Concentration
It’s been over a week on my newest culinary audition. The discipline in these Japanese kitchens I have been working in as of late is unseen outside Nippon. Caution, unease and suspicion. Always expecting but never accepting as my pinkish fleshy sausages manipulates their creations. One flinch, a slip of the digits or a loss of concentration delivers what they knew all along:
“He can not do what we do”
Bring it on replies this Chef.











You show them what you’re made of Chef!
Hello Nolan Ledarney, <–Is that too stiff…
Your food looks great and the flavors are interesting and well thought. How do you come up with these inspirations? How’s the job search going?

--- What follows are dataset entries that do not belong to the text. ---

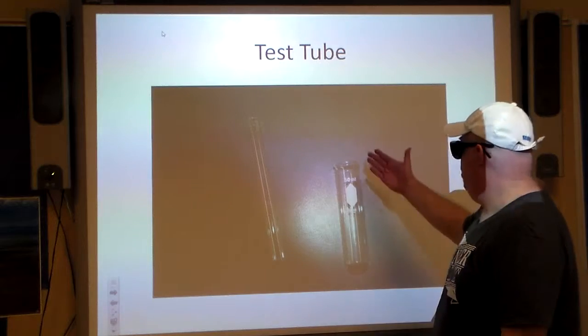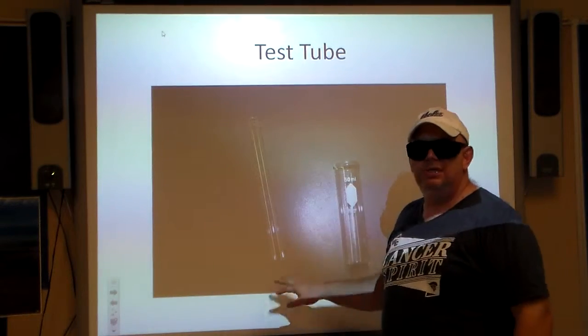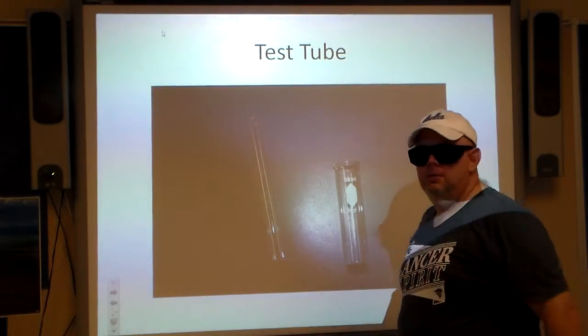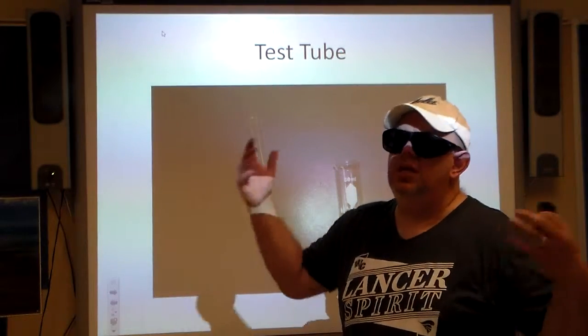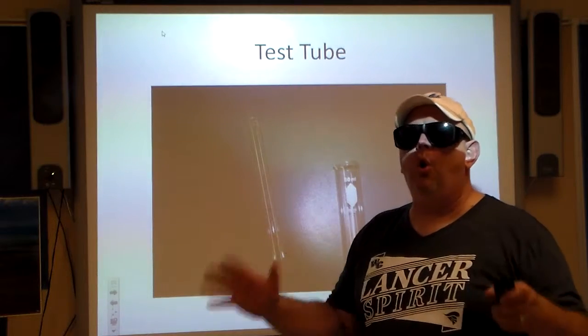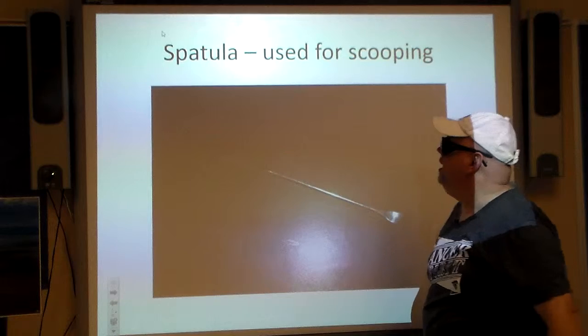The test tube. They do come in different sizes — you've got your long slimmer ones and then your shorter wider ones. It depends on what you're using it for. Some of the test tubes are used to really heat things up, and others are just meant to hold stuff.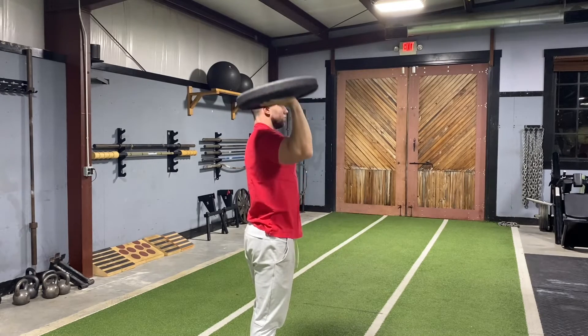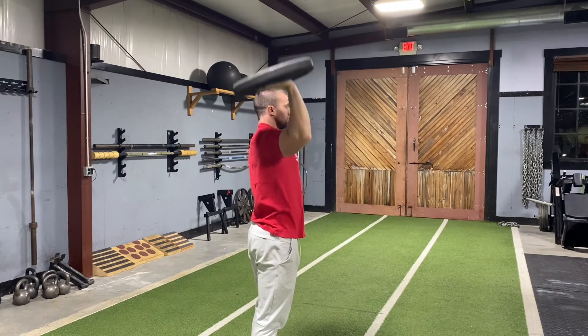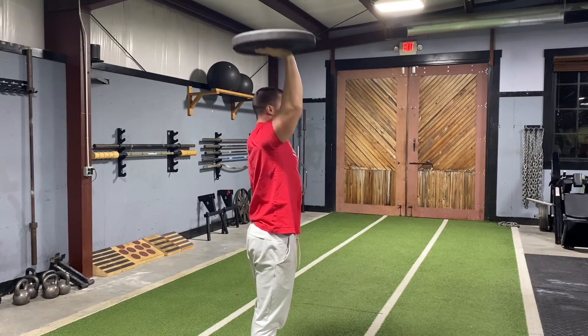You want that elbow a little bit in front of your body — not tucked all the way, but not flared out to the side either. Kind of like a 45-degree angle feels best for most people. Make sure you don't lose balance of that thing.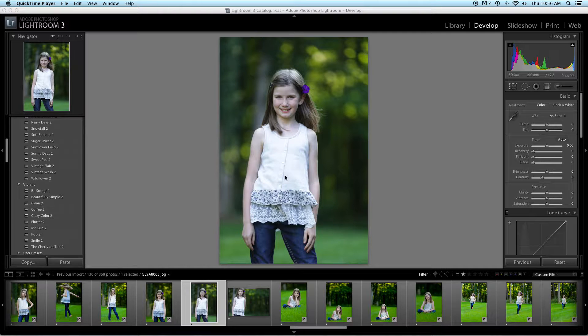This is the original image, and I shot this, I believe, with my 7200 at f/2, and it's like 6:30 at night. So I've already imported the presets, and I'm going to look at the Vibrant collection over here.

Anyways, I was wondering if you could give me any tips, one Canadian to another. I was surfing looking for any information about working in a 3-star restaurant and I stumbled on your site. I’ve just graduated from Le Cordon Bleu in Daikanyama from their cuisine course. There’s an agent working on getting a one-month internship for me at L’Osier in Ginza. Either that or at Signatures at the Mandarin Oriental.
Any tips? I’ve never worked in a restaurant before. Just cooked for friends and large groups (100-150). First, I’d liked to know how to survive in the kitchen? Second, how do I impress them enough to be valuable? I’m trying to break into the culinary world but I’m a really late start, 31.
Any tips would be great. Thanks.
Ernest
Nolan, what a beautiful website.
I am arriving in Tokyo on Tuesday 14 Oct. hope to see you again.
Ciao
Laurent
in Rome
Hey Chef Nolan, we miss you! Time to update your blog and photostream la!